2 carrots
1 beet
1/4 cup cilantro leaves
1 cup onions
1 Tbsp mustard seeds
1 clove garlic
1 tsp cumin powder
1 tsp paprika powder
1 tsp soy sauce (or coconut aminos, tamari, or shoyu)
1 tsp sea salt
1 cup chickpea flour
1 cup olive oil

Steam the beet and carrots and process, then add cilantro, onion, yellow mustard, garlic, cumin powder, paprika, soy sauce and salt. Blend well until the mixture is smooth.
Add in the flour and blend again. The texture should look like a dough. Transfer the mixture into a bowl.
With well oiled hands, start forming cylindrical shaped hot dogs from the blended mixture. Transfer the formed hot dogs onto a plate.
In a steamer, add water. Place the steaming basket and oil it well to avoid the hot dogs from sticking to the basket.
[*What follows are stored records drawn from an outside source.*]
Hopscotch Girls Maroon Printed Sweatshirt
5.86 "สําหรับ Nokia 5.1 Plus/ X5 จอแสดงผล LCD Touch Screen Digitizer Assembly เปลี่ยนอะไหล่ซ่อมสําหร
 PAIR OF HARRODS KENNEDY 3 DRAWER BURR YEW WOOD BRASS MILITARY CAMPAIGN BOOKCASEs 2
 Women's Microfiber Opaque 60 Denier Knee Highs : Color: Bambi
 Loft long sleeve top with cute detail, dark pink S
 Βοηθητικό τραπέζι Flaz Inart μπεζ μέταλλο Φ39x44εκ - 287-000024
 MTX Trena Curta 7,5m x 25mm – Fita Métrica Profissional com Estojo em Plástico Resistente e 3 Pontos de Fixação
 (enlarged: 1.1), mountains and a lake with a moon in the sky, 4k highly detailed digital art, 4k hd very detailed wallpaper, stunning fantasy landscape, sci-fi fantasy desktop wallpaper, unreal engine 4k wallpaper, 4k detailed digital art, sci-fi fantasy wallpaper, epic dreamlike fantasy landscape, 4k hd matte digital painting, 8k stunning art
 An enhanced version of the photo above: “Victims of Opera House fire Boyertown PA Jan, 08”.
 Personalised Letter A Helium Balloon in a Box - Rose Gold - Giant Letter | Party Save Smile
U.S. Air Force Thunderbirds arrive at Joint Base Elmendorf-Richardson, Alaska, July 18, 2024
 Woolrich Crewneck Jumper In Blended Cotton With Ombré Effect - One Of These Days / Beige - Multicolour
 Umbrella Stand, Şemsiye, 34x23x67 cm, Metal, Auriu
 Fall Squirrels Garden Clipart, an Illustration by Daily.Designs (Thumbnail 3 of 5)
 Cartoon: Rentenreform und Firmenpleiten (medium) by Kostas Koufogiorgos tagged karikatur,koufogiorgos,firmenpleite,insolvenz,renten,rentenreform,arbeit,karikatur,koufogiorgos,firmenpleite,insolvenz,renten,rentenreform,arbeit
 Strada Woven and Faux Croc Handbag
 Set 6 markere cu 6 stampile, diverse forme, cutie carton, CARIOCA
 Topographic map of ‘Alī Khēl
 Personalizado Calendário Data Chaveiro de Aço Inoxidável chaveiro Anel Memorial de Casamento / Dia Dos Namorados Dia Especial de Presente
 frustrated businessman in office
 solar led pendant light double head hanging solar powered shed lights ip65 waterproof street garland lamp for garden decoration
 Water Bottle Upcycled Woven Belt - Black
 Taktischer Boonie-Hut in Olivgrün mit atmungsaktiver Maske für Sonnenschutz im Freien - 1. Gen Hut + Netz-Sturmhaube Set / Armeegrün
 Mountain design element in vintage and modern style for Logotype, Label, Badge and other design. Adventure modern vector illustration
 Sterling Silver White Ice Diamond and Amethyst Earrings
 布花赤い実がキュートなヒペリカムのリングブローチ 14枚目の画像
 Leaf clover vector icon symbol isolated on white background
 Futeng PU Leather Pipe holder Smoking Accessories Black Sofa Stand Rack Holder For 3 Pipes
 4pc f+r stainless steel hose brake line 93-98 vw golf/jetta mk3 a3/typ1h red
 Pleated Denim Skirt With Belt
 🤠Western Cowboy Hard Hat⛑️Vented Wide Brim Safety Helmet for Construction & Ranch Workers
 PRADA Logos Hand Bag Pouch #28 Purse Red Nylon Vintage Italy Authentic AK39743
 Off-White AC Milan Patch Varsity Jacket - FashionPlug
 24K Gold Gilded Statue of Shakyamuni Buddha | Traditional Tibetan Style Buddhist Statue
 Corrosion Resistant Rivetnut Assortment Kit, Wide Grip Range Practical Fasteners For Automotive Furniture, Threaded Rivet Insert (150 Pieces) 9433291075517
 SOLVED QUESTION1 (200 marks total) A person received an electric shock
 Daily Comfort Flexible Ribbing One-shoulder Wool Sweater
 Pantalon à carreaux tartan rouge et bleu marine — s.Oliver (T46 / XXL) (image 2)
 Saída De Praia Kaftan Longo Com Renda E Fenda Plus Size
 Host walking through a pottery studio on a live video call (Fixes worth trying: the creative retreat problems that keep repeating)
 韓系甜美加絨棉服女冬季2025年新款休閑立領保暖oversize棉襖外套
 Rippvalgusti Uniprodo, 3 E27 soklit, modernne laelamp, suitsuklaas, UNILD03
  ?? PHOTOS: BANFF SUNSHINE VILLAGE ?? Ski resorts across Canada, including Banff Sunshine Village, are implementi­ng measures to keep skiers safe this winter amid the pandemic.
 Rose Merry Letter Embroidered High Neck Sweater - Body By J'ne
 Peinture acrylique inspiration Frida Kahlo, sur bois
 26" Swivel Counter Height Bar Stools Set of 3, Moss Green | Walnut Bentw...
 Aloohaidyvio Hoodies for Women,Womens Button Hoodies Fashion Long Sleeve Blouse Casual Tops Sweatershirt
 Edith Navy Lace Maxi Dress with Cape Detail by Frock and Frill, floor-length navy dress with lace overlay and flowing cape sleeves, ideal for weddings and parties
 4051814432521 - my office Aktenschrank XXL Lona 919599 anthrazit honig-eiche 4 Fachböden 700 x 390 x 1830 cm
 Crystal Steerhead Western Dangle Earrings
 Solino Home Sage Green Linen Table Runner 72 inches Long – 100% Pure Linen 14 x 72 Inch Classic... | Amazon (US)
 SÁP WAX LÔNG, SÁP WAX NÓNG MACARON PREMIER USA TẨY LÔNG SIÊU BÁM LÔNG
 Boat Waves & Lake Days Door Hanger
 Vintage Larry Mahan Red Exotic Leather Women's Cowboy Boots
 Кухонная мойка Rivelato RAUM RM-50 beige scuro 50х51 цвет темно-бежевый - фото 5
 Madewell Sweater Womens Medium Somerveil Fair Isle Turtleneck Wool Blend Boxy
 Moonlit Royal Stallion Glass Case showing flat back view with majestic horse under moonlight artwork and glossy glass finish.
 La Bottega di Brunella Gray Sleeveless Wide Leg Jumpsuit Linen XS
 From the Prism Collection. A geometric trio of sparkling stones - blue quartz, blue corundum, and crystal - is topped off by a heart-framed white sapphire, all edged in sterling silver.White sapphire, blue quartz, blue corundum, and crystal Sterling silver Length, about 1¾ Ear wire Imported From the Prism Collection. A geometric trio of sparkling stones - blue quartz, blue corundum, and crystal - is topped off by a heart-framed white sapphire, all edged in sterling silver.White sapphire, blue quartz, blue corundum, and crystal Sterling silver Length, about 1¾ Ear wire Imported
Arrange the hot dogs into the steaming basket and close the lid. Place the steamer on the stove on medium high heat and steam it for about 15 – 20 minutes. Once done, transfer from the steamer onto a plate.
In a pan on medium heat, add oil and place 2-3 steamed hot dogs and cook them on both sides until they turn brown and crisp. Cut into bite size pieces for mini weenies or eat as a whole dog.